Lately I’ve been writing a lot about how my parents were in denial about my situation. At first it angered me, then I just realized that they needed their time to figure things out and I was okay with it. But now it seems like they’ve moved on to a different “stage” and they’ve been acting really weird lately.
It’s no secret that my parents and I have had a not so ideal relationship. At times, it was a pretty bad relationship where we didn’t even talk to each other. But for the past couple of days they’ve been acting really weird. They’ve been talking to me more, which is a bit odd, but on top of that, they’ve been doing nice things for me. They buy me my soy milk, which before I would either have to get it, or give them money to buy it for me. Now they just get it themselves. My mom and dad have been planning meals that I can actually eat, mostly meatless meals. But at least I’m not starving now. My dad bought me lunch yesterday and he even remembered what I liked and what I couldn’t eat.
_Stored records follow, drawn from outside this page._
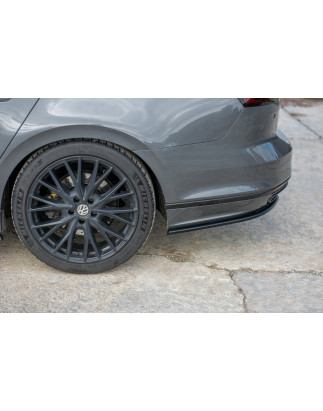 Splitters posteriori laterali Volkswagen Passat R-Line B8 (Cod. M-VW-PA-B8-RLINE-RSD1G)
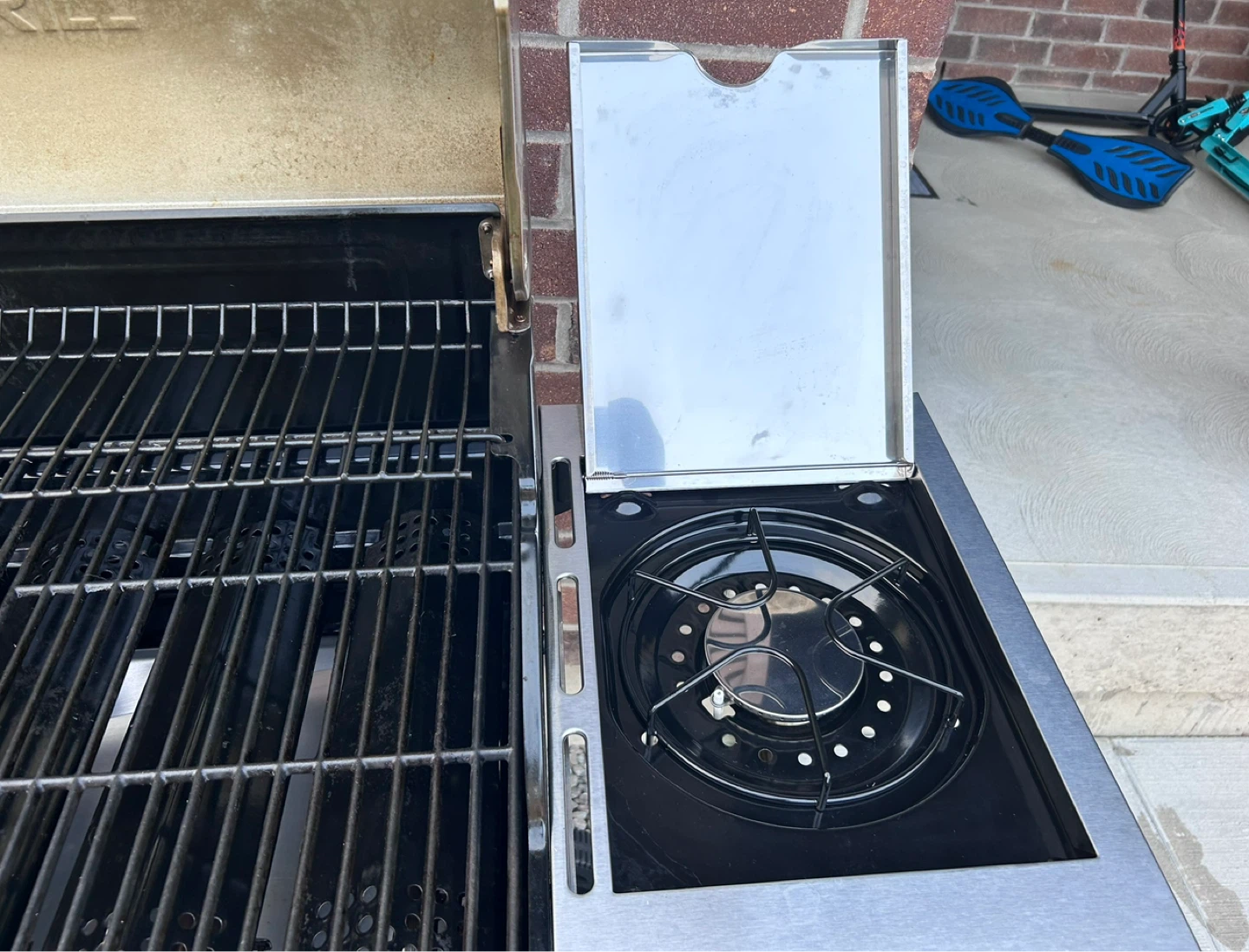 Nexgrill Propane BBQ with Side Burner - photo 4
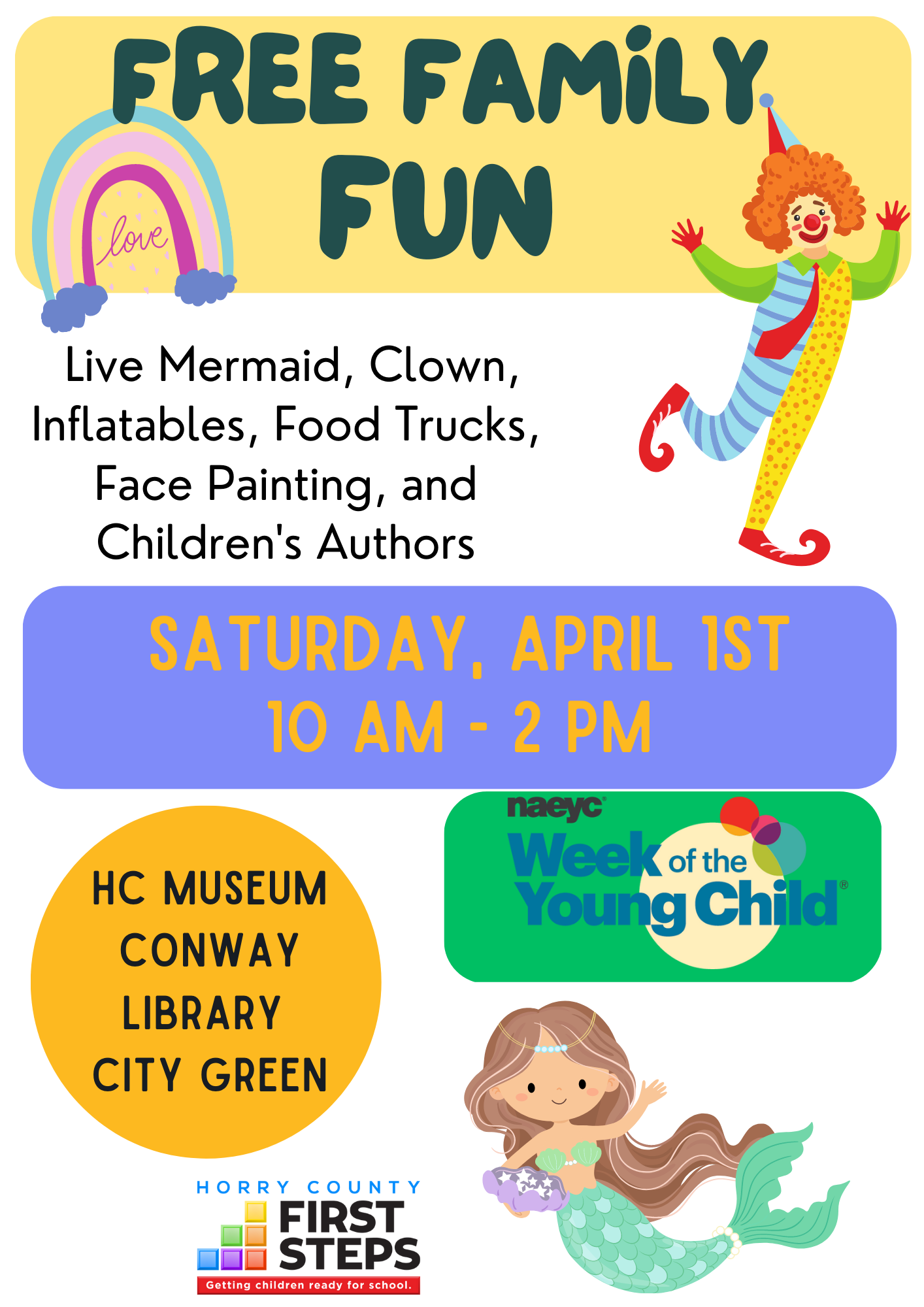 EC Community Day : Horry County First Steps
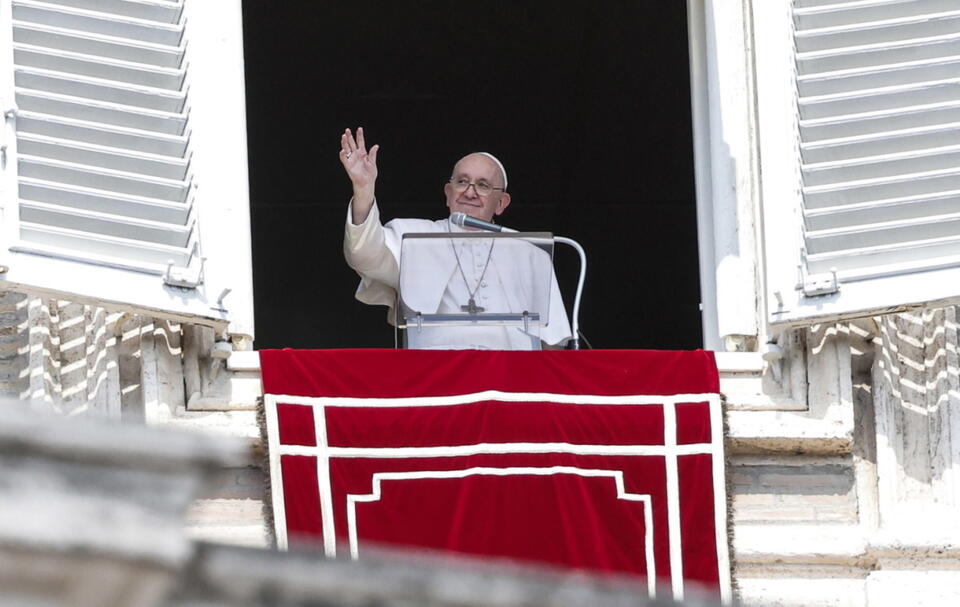 Papież Franciszek  / autor: PAP/EPA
The other night my dad took me out to a bar. Granted, I shouldn’t have been at a bar considering I’m not supposed to drink, but I hadn’t ever really been to a bar with my dad unless it involved some sort of gambling. I figured it’s just something you should do with your parents, and I guess that’s how he bonds. I didn’t have to pay for a drink the whole night and we ended up leaving the bar at 3AM and had to be driven home by my uncle. Trust me when I say I won’t be drinking anymore, ever. Not only did I start to get heart palps towards the end of the night, but the next day I literally couldn’t do anything because I was so weak. And no, it wasn’t a hangover, I don’t get those.
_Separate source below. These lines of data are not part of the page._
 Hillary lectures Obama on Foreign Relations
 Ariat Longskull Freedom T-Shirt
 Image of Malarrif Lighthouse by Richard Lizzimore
Their change towards me makes me a bit uncomfortable. I’m not used to them being nice to me, or being considerate of my situation, or just being considerate period. I don’t really know how to deal with that. I realize they aren’t the same people they were ten years ago, but there’s a huge part of me that doesn’t really trust what’s happening right now because of that.
I’ve also been noticing a lot of things that I’ve been doing that I definitely wouldn’t have done a month ago. I’ve been more outgoing, which is a bit odd, because I normally have panic attacks. I went to the grocery store and almost got ran over by a college girl’s shopping cart. The two girls said something about being bad drivers and I said something back. I don’t remember what. But then again, I can’t remember jack shit these days. Anyway, we got to talking and we are keeping in touch. Which is odd. I don’t ever recall making friends like that because I am usually too scared or panicky to strike up a conversation with a complete stranger like that.
It’s been a very weird week. Almost like what’s been happening, isn’t really happening.


April 3, 2008
I guess they’re trying to make amends, which is great. BUT STOP DRINKING. For real. How will we get married if you die because you drank?
April 4, 2008
Yea, I know. No more drinking. I have no desire to drink. And I am pretty sure that drinking is the least of our concerns for our marriage. I mean, we’re only getting married if neither of us is already married, or with someone else.